Aun al celebrar el deleite inconsciente, el alegre abandono, el mayor
afán de María Inés Zaldívar es vislumbrar
un mundo no solo útil sino también, y sobre todo, dotado
de un sentido que pueda compartirse.
Si en Artes y oficios la autora nos mostró sus principales
inquietudes: "Permíteme/ construirte un/ alma entre mis/
piernas!", se oye en "¡Ay mi amado violador!",
Ojos que no ven constituyó una tentativa de registro
más amplio, como la matizada modulación de "Silabario
hispanoamericano": "Huesos florecidos que nos esperan bajo
la/ tierra con paciencia infinita"). De este último, Gwen
Kirkpatrick postula algo extensivo a todo este trabajo poético,
incluyendo su punto más alto que es Naranjas de medianoche:
atenta a las pasiones sumergidas, la poética de Zaldívar
es continuidad amorosa, más que afán de ruptura. Énfasis
en la permanencia antes que en la escisión de la experiencia
del mundo; sin hurtarse al conflicto, su preocupación es alumbrar
lo duradero. Ni sola emotividad, ni el medio camino poético
de un programa, intransitable por anquilosado. Distinciones como cielo-tierra,
claridad-oscuridad, naturaleza-sociedad, son polos de tensión
entre los cuales atisbamos la complejidad de la experiencia cantada;
nos abren el mundo en la naranja que es el poema.
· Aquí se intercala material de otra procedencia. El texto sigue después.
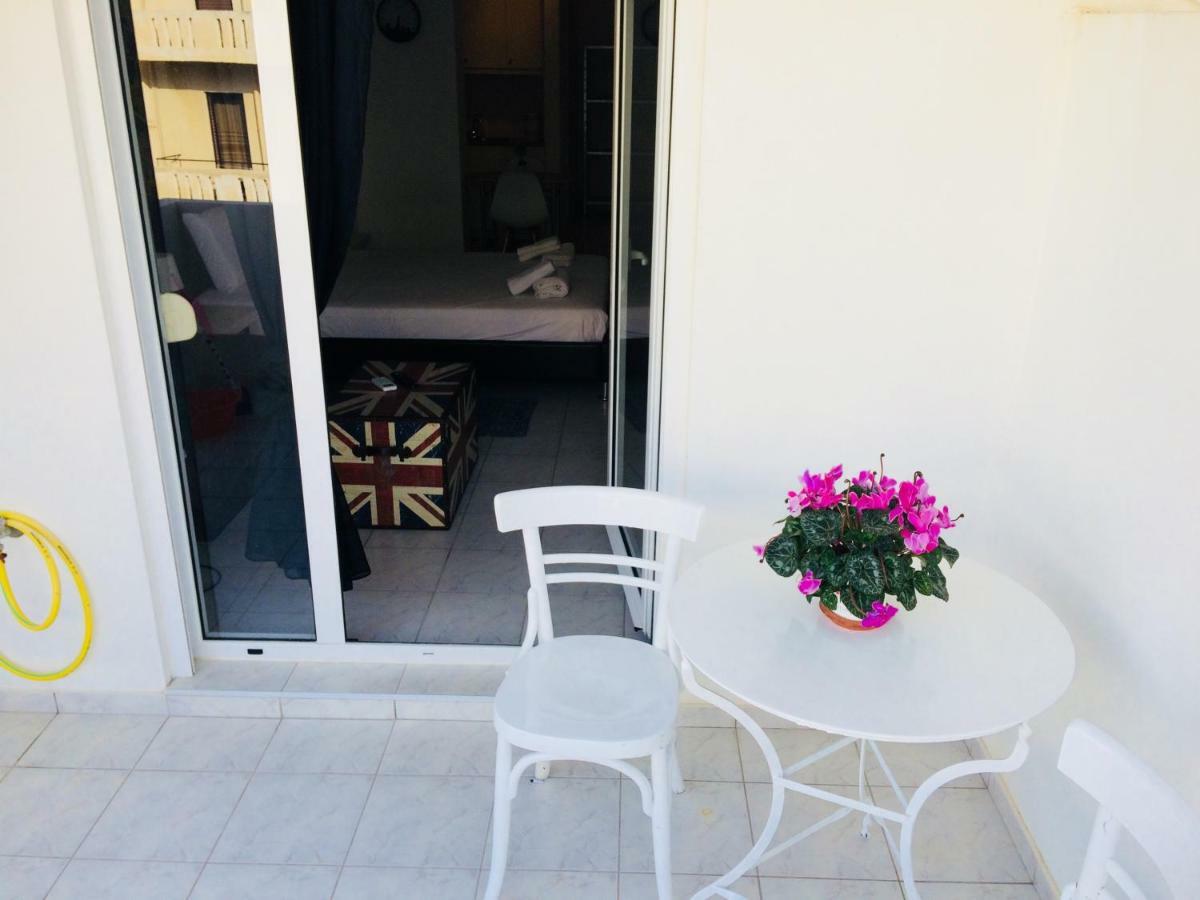 شقة Korona Βeach Αpartments ريثيمنو المظهر الخارجي الصورة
Y, agridulce la
mirada, fructíferos, volvemos a nuestro mundo. Por eso María
Inés nos ofrece naranjas antes que flores de azahar: la nupcialidad
ya es fecundidad, apertura genésica. Bueno es, entonces, verlas
en el follaje de Alciato, y a este convertido, cómo no, en
nuestros ojos y manos y bocas y lodos y noches: el reconocimiento
de un linaje da espesor significativo a esta nueva figuración.
Familia que retoña, pletórica de zumos. Como de nuevo...
Tras probarlo, sé que comeréis de nuevo del fruto de
este árbol.
* * *
NOTAS
(1) Los libros de poemas de María
Inés Zaldívar son: Artes y oficios (Santiago:
RIL, 1996), Ojos que no ven (Santiago: RIL, 2001) y Naranjas
de medianoche (Santiago: Tácitas, 2006).
(2) Poema 97 de Cancionero
y romancero de ausencias (1938-1941).
(3) Una vez comentados estos
poemas dobles, conviene agregar otro dato acerca de sus predecesores
en Ojos que no ven. En ese libro, "Mariposas amarillas"
y "Sueño del durazno" son contiguos, y es posible
tener ambos simultáneamente a la vista. ¿Qué
ocurrió en el tránsito de Ojos que no ven a Naranjas
de medianoche? Cada uno de estos poemas, ¿incubaba un alter
ego que pediría pronta existencia? ¿Eran hermanos
de causa, respaldados el uno en el otro? Materia de especulación;
momentáneamente, de una nota al pie.
(4) "Galope muerto",
en Residencia en la tierra, I (1925-1932).